Willingness-to-Pay. Harvard Business School’s strategy master, Michael Porter, wrote almost thirty years ago: “Value is what buyers are willing to pay.” WTP is an economic concept that, qualitatively, measures a buyer’s motivation to purchase and, quantitatively, measures a buyer’s maximum purchase price. In both cases, the buyer’s measurement correlates directly to his/her perception of value, which is directly influenced by branding and value propositions.

Value Propositions. A third factor, not mentioned by Montague, is the key role value propositions play in professional services sales. By creating a powerful story (or several) about your firm, you inevitably create value propositions — statements of benefits a client receives from your services. Value propositions are targeted, “one-to-one” messages based on the firm’s differentiation that are delivered by attorneys directly to individuals buyers.

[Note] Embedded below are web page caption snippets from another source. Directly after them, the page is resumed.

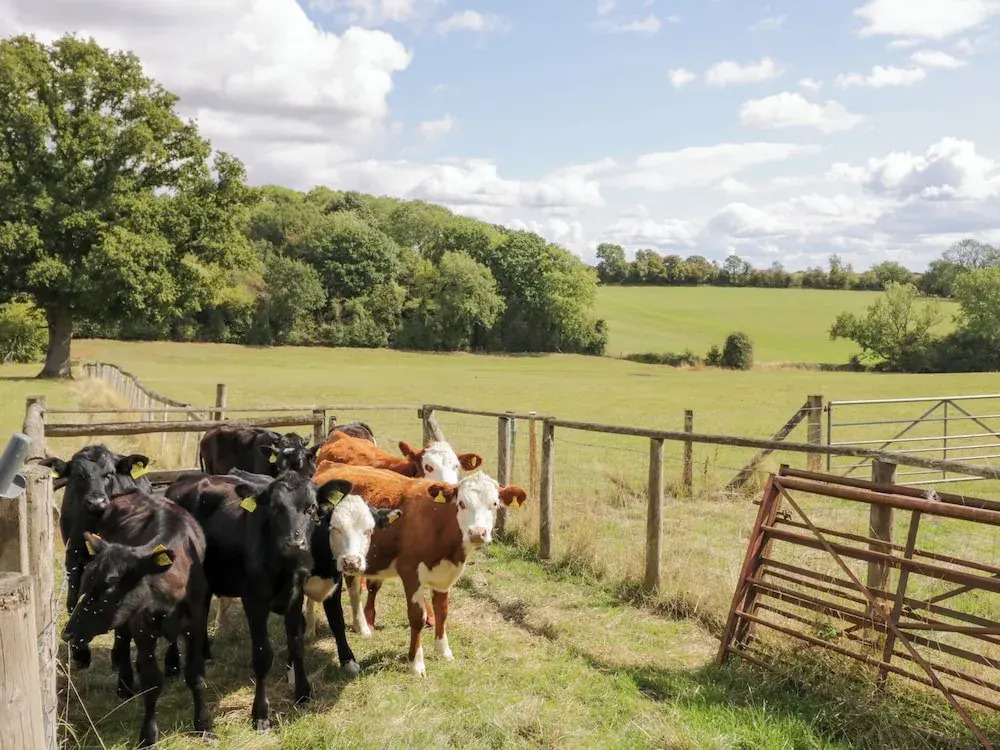 The Cow Shed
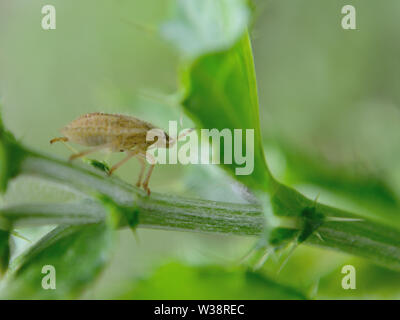 Hairy Shieldbug (nymphe Dolycoris baccarum) sur les plantes rampantes chardon Banque D'Images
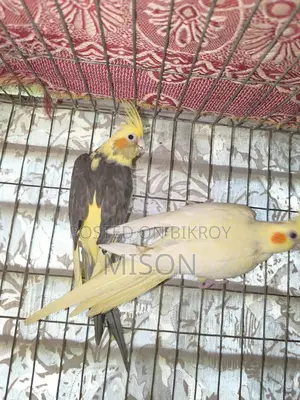 ২ পিস বিগ সাইজের রানিং ফিমেল / মেয়ে ককাটেল পাখি বিক্রিয় করা হবে🐦🐦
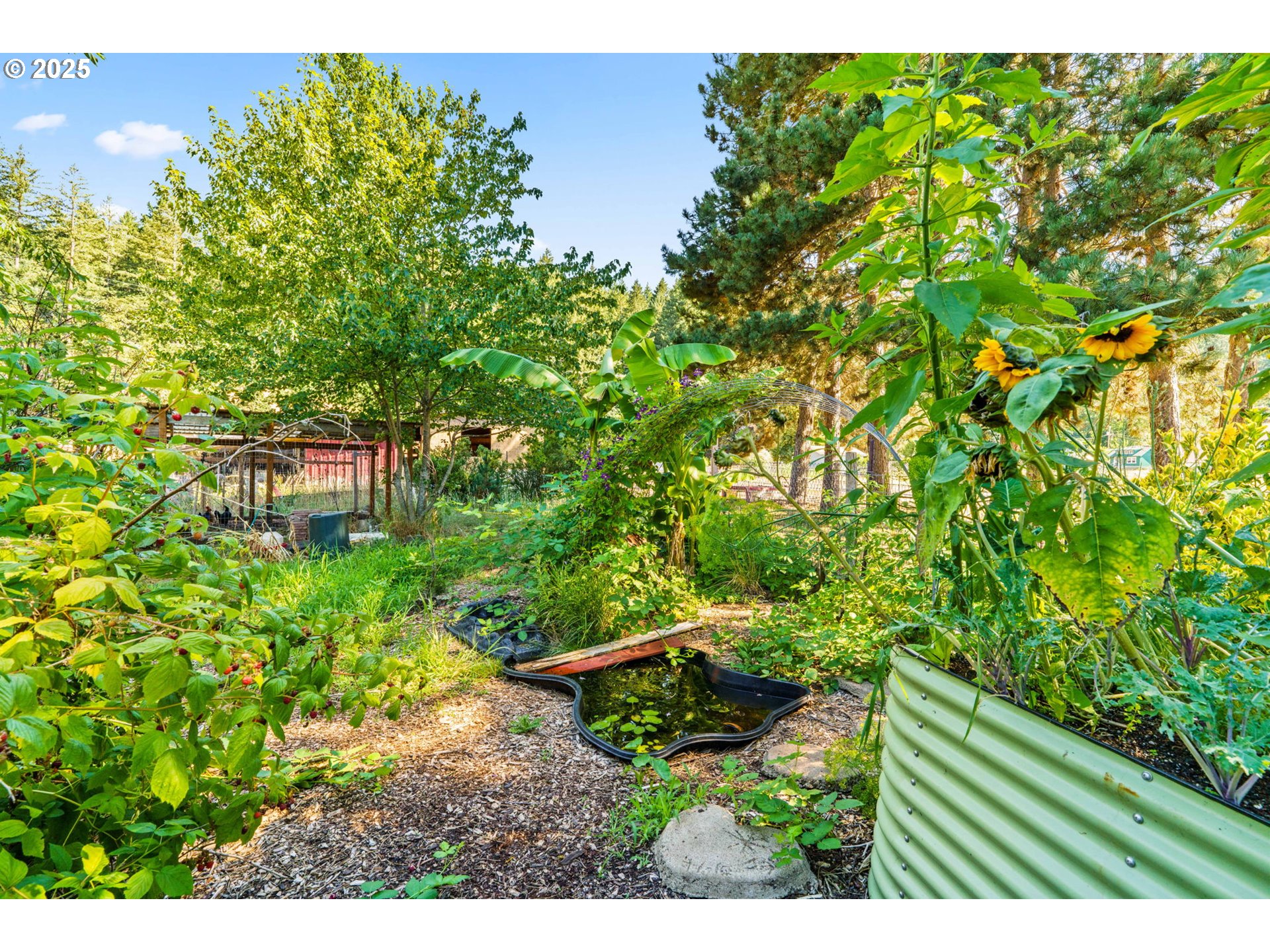 34755 Row River Road Cottage Grove, OR 97424 - Photo 32 of 43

I believe storytelling is a critical tool for price communication. The idea is not new to business, however. Annette Simmons (The Story Factor: Secrets of Influence from the Art of Storytelling and Whoever Tells the Best Story Wins) and Steve Denning (The Leader’s Guide to Storytelling) were the first to offer books on business storytelling more than a decade ago. Shortly thereafter, my favorite business author, Patrick Lencioni (WWW.THETABLEGROUP.COM), began publishing his series of best-selling business books, each one written as a fable.

In addition, the HBR Network has published several storytelling-related blog posts. Here are a few:

  • A Data Scientist’s Real Job: Storytelling – BLOG POST
  • Structure Your Presentation Like a Story – BLOG POST
  • The Art of Purposeful Storytelling – BLOG POST

Storytelling is by no means universally accepted, but its core purpose — to resonate with an audience regarding benefits and value — certainly ties into a law firm’s promotion strategy. Perhaps it’s time for storytelling to tie into a law firm’s pricing strategy…which begs the question: Does your firm have a pricing strategy?